Pocos meses antes, cuando volvía de la misa de Pascua con sus dos hijas y la familia imperial, Rasputín tuvo un vértigo y se desplomó, dando un grito sordo, en los almohadones de la calesa que lo transportaba. El coche se detuvo ante una iglesia. Repuesto de su malestar, el staretz dijo a Maria y a Varvara, que, enloquecidas, lo acosaban a preguntas: "No se asusten, palomas mías. Simplemente acabo de tener una horrible visión: mi cadáver yacía en esta capilla y, durante un minuto, sentí físicamente mi agonía… ¡Qué agonía…! Recen por mí, amigas mías, mi hora se acerca".

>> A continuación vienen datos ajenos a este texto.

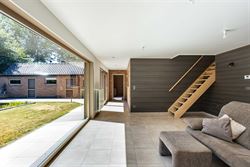 Landelijk wonen, veel licht en volledige privacy. Deze open bebouwing in Lochristi biedt 207 m² woonruimte op een mooi perceel van bijna 800 m². Een...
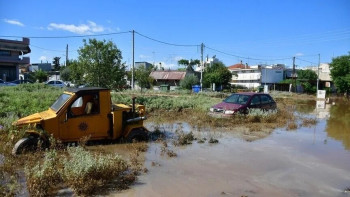 Фотография к новости: Грекияның оңтүстігінде үш күннен бері нөсер жауын толассыз жауып тұр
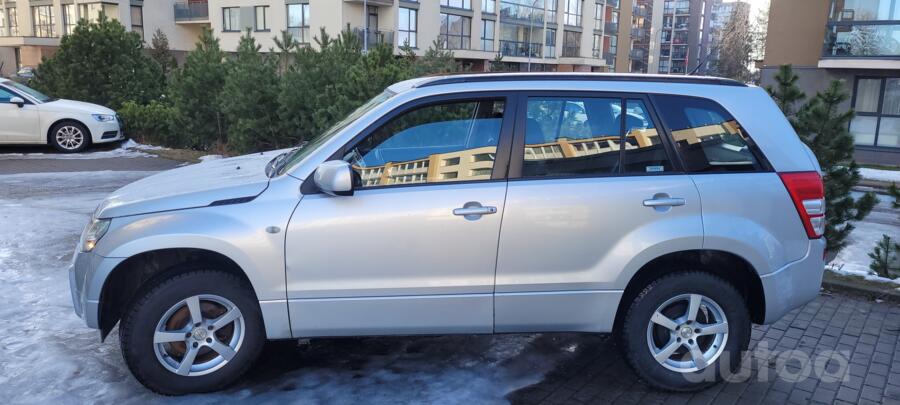 Suzuki Grand Vitara 2 generation Crossover 5-doors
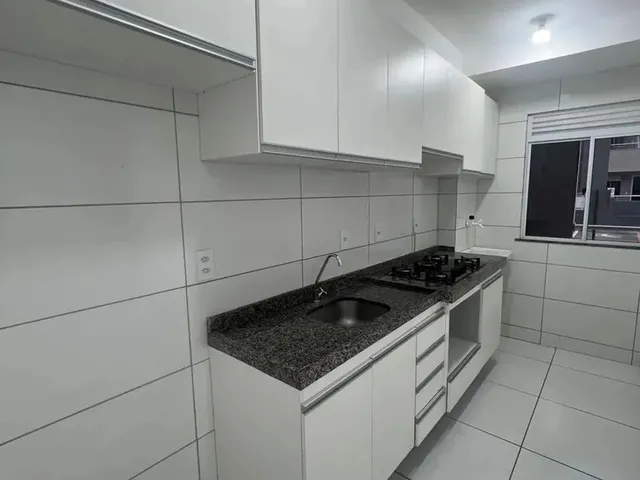 Imagem: O apartamento possui 2 Dormitórios, 2 Banheiros, 1 Vaga na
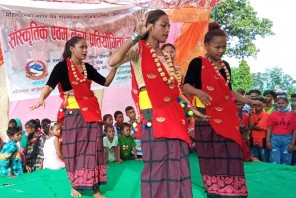 नरैनापुरको कोहलामा तीज नृत्य प्रतियोगिता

A pesar de esos presentimientos repetidos, no piensa en abandonar Petrogrado por su apacible aldea de Pokrovskoi. Aun si tuviera la posibilidad de escapar al fin trágico que lo asecha, se negaría a hacerlo. Le parece que la fecha de la muerte está inscrita en el calendario de Dios desde el nacimiento. Con una vanidad lúgubre piensa que, así como Cristo supo, mucho antes del suplicio, que sería crucificado, debe ser muerto a la hora señalada, por las manos elegidas, para que su nombre resplandezca para siempre jamás por encima de la estepa rusa. Puesto que su asesinato es tan necesario como las otras peripecias de su existencia, debe continuar gozando de la vida antes de comparecer ante el Señor que ha previsto todo, querido todo, ordenado todo y perdonado todo.